New clinical trial data presented at the American Heart Association Scientific Sessions in Philadelphia dominated the R&D news this week. Here are some of the highlights from the conference as well as some other bits of medtech industry news you may have missed.

Surgeons Insist TAVR May Not Be Best Choice For All Low-Risk Patients

The Society of Thoracic Surgeons (STS) and European Association for Cardio-Thoracic Surgery (EACTS) are recommending “caution” to patients, surgeons and interventionalists before adopting transcatheter aortic valve replacement (TAVR) as the first option for low-risk patients who need a new aortic valve.

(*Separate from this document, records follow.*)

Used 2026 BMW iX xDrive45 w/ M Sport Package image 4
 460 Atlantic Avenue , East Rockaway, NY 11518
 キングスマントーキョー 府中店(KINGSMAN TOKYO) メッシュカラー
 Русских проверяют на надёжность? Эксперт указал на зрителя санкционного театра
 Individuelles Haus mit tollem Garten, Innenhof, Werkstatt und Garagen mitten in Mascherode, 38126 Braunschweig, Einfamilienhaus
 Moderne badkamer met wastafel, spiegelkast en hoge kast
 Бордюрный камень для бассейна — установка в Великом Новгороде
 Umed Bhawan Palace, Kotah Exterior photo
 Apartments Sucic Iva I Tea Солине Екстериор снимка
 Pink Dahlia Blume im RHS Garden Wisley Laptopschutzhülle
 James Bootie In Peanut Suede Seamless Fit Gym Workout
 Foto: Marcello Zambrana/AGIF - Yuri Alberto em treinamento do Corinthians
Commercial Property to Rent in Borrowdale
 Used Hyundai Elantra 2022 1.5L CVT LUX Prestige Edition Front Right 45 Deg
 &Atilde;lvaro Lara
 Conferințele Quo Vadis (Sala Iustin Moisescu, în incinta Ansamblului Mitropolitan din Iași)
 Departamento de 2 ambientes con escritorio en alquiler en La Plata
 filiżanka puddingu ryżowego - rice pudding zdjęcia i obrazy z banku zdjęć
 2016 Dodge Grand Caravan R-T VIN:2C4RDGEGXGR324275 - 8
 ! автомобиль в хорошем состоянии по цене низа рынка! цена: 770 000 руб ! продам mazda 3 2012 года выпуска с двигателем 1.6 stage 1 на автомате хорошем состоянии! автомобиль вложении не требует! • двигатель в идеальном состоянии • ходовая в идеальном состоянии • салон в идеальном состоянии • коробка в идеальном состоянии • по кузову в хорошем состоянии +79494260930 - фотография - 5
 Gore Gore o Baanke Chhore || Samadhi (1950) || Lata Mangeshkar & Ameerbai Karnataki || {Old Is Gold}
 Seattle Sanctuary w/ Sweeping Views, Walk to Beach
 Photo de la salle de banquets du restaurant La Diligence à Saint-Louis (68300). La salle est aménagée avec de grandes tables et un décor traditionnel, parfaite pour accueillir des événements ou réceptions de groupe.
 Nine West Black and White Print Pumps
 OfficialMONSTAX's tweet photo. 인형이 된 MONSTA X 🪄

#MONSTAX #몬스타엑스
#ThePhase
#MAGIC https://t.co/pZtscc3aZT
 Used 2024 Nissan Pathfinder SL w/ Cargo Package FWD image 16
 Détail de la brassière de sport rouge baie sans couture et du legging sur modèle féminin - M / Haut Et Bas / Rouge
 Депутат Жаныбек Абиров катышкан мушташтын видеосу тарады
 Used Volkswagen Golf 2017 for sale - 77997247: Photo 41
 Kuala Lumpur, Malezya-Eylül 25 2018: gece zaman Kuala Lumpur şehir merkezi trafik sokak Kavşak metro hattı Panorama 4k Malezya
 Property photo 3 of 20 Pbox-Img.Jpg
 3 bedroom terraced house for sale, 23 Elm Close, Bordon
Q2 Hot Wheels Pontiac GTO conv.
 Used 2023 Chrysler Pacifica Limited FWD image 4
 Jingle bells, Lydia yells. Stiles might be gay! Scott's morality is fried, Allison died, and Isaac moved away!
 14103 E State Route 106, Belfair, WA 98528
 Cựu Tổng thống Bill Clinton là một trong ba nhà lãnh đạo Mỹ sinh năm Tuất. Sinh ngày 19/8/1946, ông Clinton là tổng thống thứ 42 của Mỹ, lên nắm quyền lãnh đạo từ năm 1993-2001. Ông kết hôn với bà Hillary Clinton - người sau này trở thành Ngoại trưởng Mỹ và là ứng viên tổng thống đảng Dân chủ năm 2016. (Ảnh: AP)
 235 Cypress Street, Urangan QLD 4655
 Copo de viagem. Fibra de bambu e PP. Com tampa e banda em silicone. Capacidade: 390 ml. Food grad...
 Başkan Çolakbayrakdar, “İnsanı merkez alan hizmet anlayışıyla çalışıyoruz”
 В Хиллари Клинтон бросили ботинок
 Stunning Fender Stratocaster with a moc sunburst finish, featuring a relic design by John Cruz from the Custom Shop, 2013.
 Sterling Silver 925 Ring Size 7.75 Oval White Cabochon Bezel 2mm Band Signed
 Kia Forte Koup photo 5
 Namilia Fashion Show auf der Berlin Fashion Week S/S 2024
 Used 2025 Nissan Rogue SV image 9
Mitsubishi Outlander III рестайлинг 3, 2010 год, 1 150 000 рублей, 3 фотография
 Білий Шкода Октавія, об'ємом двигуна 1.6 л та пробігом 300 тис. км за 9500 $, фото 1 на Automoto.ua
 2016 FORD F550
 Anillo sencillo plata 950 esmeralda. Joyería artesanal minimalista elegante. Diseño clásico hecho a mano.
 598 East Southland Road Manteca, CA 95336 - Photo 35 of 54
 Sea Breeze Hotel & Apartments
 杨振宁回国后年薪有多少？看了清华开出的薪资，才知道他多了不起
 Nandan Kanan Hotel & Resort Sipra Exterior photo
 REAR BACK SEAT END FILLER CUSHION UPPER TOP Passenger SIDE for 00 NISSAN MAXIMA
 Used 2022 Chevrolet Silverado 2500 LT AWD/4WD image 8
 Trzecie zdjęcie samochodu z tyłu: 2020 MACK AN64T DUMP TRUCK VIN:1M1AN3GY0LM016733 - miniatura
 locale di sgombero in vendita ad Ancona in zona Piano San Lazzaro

New results from two major clinical trials suggested TAVR is a safe and effective alternative to surgery in patients at low risk for surgical complications. The safety and durability of TAVR is supported by four-year outcomes from the Evolut Low-Risk trial comparing Medtronic’s CoreValve TAVR systems to surgical aortic valve replacement in low-risk patients. Also, five-year results from the PARTNER 3 trial showed similar durability for Edwards Lifesciences’ Sapien 3 or Sapien 3 Ultra TAVR system in low-risk patients. (Also see "News We're Watching: TCT Yields More Encouraging Results For TAVR; HeartPoint Resets Trial Plans, Butterfly Tries Brain-Interface Tech" - Medtech Insight, 30 Oct, 2023.)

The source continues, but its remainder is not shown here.